++++ Available records ++++

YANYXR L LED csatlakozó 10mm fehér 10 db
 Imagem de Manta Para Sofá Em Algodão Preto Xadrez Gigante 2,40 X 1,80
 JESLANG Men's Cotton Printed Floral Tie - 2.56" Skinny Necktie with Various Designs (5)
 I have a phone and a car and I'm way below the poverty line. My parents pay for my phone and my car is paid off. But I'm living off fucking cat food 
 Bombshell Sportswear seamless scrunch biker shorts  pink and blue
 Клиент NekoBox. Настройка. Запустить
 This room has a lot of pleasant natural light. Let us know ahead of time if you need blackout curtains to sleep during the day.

++++

## Try it:
Each line of the data is to be written out again exactly.

## Response box:
YANYXR L LED csatlakozó 10mm fehér 10 db
 Imagem de Manta Para Sofá Em Algodão Preto Xadrez Gigante 2,40 X 1,80
 JESLANG Men's Cotton Printed Floral Tie - 2.56" Skinny Necktie with Various Designs (5)
 I have a phone and a car and I'm way below the poverty line. My parents pay for my phone and my car is paid off. But I'm living off fucking cat food 
 Bombshell Sportswear seamless scrunch biker shorts  pink and blue
 Клиент NekoBox. Настройка. Запустить
 This room has a lot of pleasant natural light. Let us know ahead of time if you need blackout curtains to sleep during the day.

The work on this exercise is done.